Small Business Susan

About those stale records…

http://msmvps.com/blogs/bradley/archive/2007/12/28/disabling-dns-dynamic-updates.aspx


(and make sure you read Evan’s comment on that post — http://msmvps.com/blogs/bradley/archive/2007/12/28/disabling-dns-dynamic-updates.aspx#1425781


A follow up to this… we were questioning if we needed to set this box in DHCP… but that setting is only needed for 9x era workstations


 


Then we were checking in DNS if we needed to set any of these boxes to clear out the stale entries



http://support.microsoft.com/kb/816592


SBS does secure dynamic updates


By default, dynamic update security for Windows Server 2003 DNS servers and clients is handled in the following manner:

Windows Server 2003-based DNS clients try to use nonsecure dynamic updates first. If the nonsecure update is refused, clients try to use a secure update.
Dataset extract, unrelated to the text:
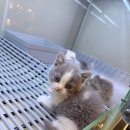 멍벤져스 이미지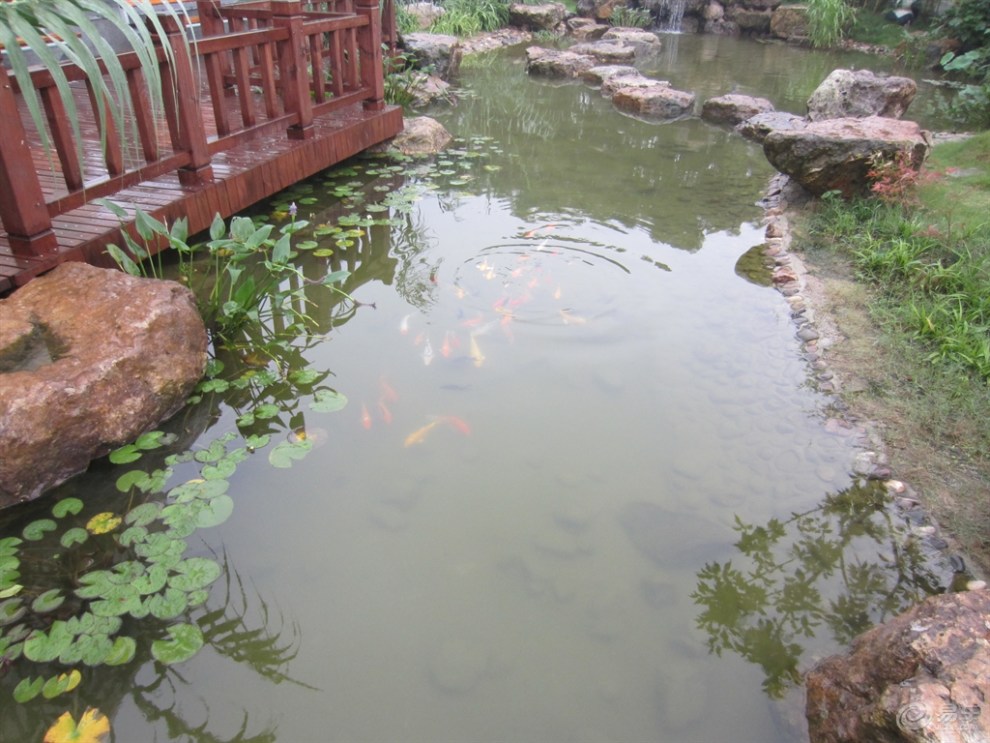 看看景观金鱼池!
Also, clients use a default update policy that lets them to try to overwrite a previously registered resource record, unless they are specifically blocked by update security.
By default, after a zone becomes Active Directory-integrated, Windows Server 2003-based DNS servers enable only secure dynamic updates.
By default, when you use standard zone storage, the DNS Server service does not enable dynamic updates on its zones. For zones that are either directory-integrated or use standard file-based storage, you can change the zone to enable all dynamic updates. This enables all updates to be accepted by passing the use of secure updates.
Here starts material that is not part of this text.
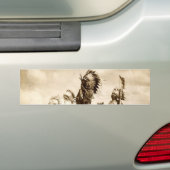 Inheemse Amerikaanse Bumpersticker (Op auto)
So I think the real issue is that as we retire or repurpose old workstations, we’re not removing them in Active Directory like we should.
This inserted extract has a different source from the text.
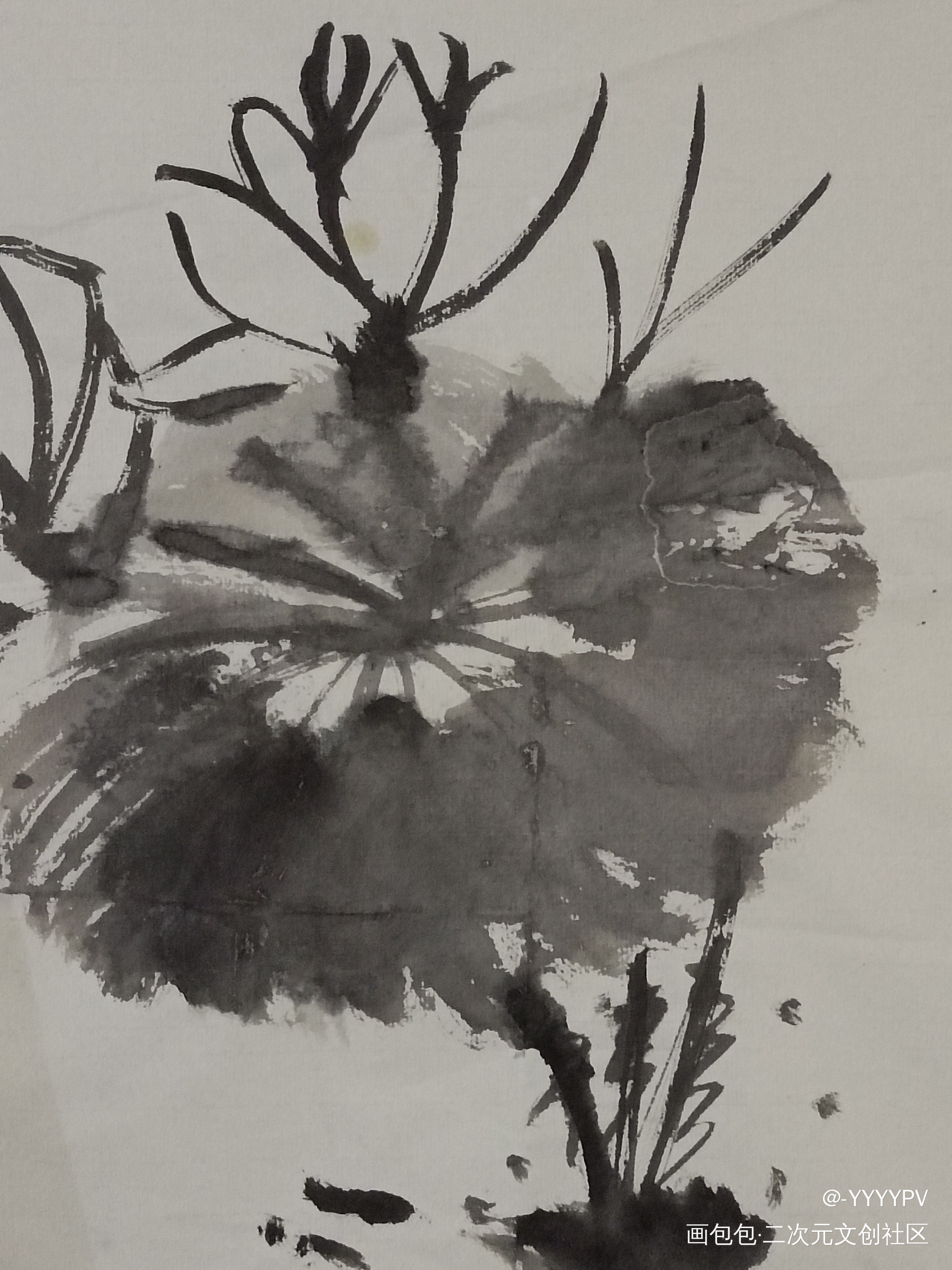 莲_黑莲花攻略手册绘画作品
In server management, when you need to remove an old system, right mouse click and click on Remove Computer from Network.  It’s this action that will remove the system from AD as it should and also from WSUS appropriately.



http://technet2.microsoft.com/windowsserver/en/library/92d228d2-4fe2-40b9-88a7-2a5a2bee85081033.mspx?mfr=true


If you read that you can see that the response on setting the scavenging settings can have it’s issues.


By default, the aging and scavenging mechanism for the DNS Server service is disabled. It should only be enabled when all parameters are fully understood. Otherwise, the server could be accidentally configured to delete records that should not be deleted. If a record is accidentally deleted, not only will users fail to resolve queries for that record, but any user can create the record and take ownership of it, even on zones configured for secure dynamic update.



 


What is probably a better recommended is to periodically right mouse click on DNS, and click on scavenge stale resource records, especially when you are adding a new computer to an existing position (like repurposing a workstation).



For best results, remove the old workstation with the remove computer wizard.


When repurposing a workstation, flip/drop it back to workstation mode and then rerun /connectcomptuer if you plan to use connectcomputer to reattach.



Could you set the DNS to do an automatic scavenge?  Brian Desmond says that our networks, setting that probably won’t cause issues.  But you have to set it in two places, on a per zone basis and on the DNS server.   I think part of our problem is that we’re not removing the computers properly and that’s what’s getting us into trouble.  I know when I was reminded of that ‘remove computer from network wizard’ I went… “uh… what remove computer wizard?”


So bottom line, that setting in DHCP doesn’t do what we think it does.  And we’re better off clicking on that Scavenge Stale Resource Records every now and then.



1 comment so far ↓

  • #   Chris Knight on 12.30.07 at 6:51 am     

    Another way of resolving this is to use DHCP reservations for all DHCP clients.

    It’s also a pity that the Windows DHCP client isn’t “sticky”, in that it doesn’t try obtaining the same IP after a restart, unlike Unix/Linux.